What happens: The system calls POST /api/marketplace/developer/themes/:slug/versions to create a new version record. Your source files are bundled and stored. The submission appears in the admin review queue.
Related: Theme Marketplace
Step 7: Admin Review
A Siyahfy admin reviews your submission. They can:
- Preview your theme rendered with real store data
- Browse your code to check quality and guidelines compliance
- Approve — your theme goes live on the marketplace
- Reject — you receive a rejection reason
- Request Changes — you receive specific feedback to address
If rejected or changes are requested, you revise your code and resubmit. There is no limit on resubmissions.
What happens: Admins use the admin panel at app.siyahfy.com/admin to review pending submissions. Approval triggers a status change and makes the theme visible in the marketplace. Rejection sends a notification with the reason.
Related: Admin Journey
Step 8: Published on the Marketplace
Once approved, your theme is live on the Theme Marketplace. Vendors can browse it, preview it with their own store data, and install it. Free themes install instantly. Paid themes go through a payment flow.

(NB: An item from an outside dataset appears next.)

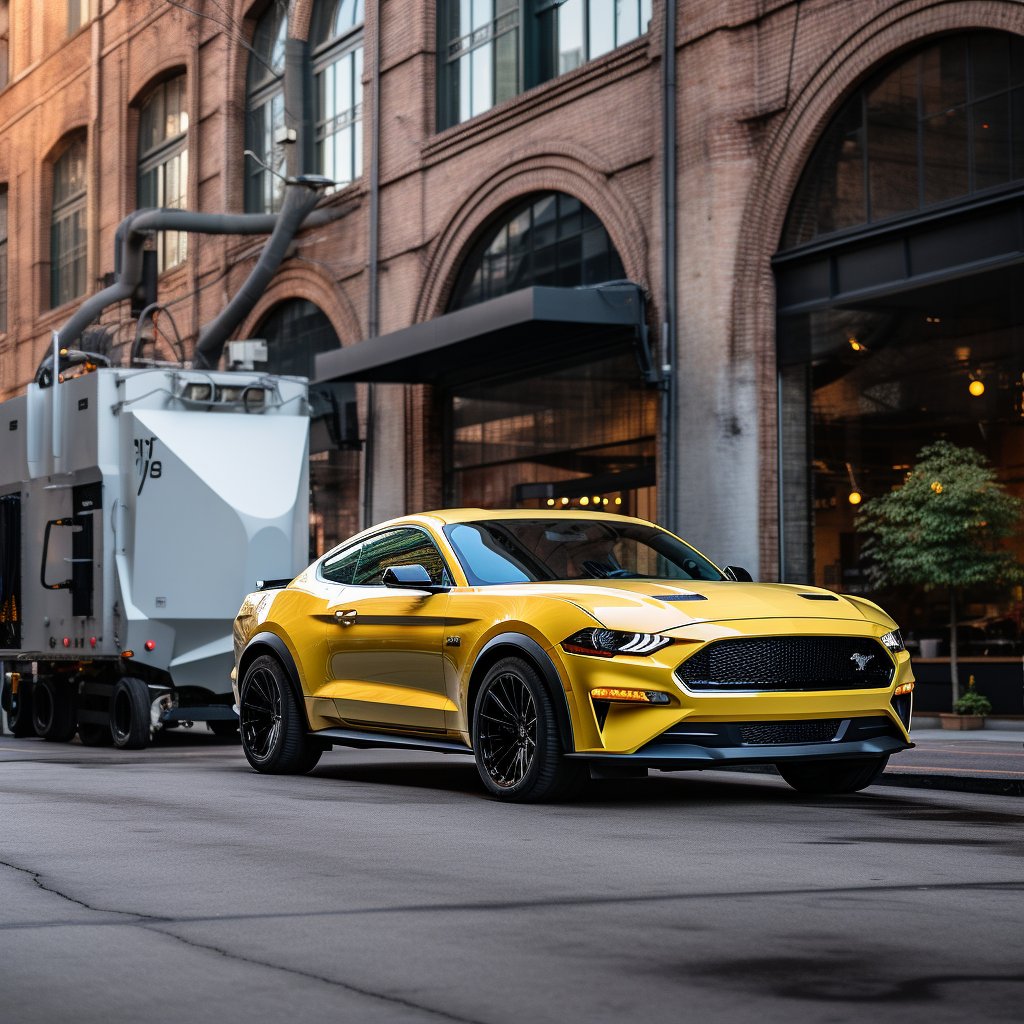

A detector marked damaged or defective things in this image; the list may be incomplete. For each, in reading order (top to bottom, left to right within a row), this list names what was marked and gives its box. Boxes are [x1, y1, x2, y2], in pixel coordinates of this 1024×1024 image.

pavement crack [141, 921, 491, 1024]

What happens: The theme version status changes to “published” and it appears in marketplace search results. The system tracks install counts, ratings, and reviews.
Related: Theme Marketplace
Step 9: Earn Commissions
Every time a vendor purchases your paid theme, you earn a commission:
| Split | Amount |
|---|---|
| Developer (you) | 80% of the theme price |
| Siyahfy (platform) | 20% of the theme price |
Example: For a theme priced at INR 2,999:
- You earn: INR 2,399.20
- Siyahfy commission: INR 599.80
- Vendor pays: INR 2,999 + 18% GST = INR 3,538.82
Your earnings are tracked on the Earnings Dashboard, where you can see:
- Total earnings summary
- Per-theme breakdowns
- Paginated earnings history
What happens: When a vendor completes a purchase, the system records the transaction in marketplace_theme_purchases and creates an earnings record in developer_earnings with the 80/20 split applied.
Related: Developer Studio
Step 10: Request Payout
When your pending balance reaches the minimum threshold of INR 500, you can request a payout.
- Go to Dashboard then Earnings
- Click “Request Payout”
- Enter your payment method (Bank transfer or UPI)
- Submit the request
A Siyahfy admin will process your payout. You can track payout status (requested, processing, completed, or failed) in the Payouts section of your dashboard.
What happens: The system calls POST /api/developer/earnings/request-payout to create a payout request in the developer_payouts table. Admins process payouts from the admin panel — they can mark them as processing, complete (with a transaction ID), or failed (in which case earnings revert to your pending balance).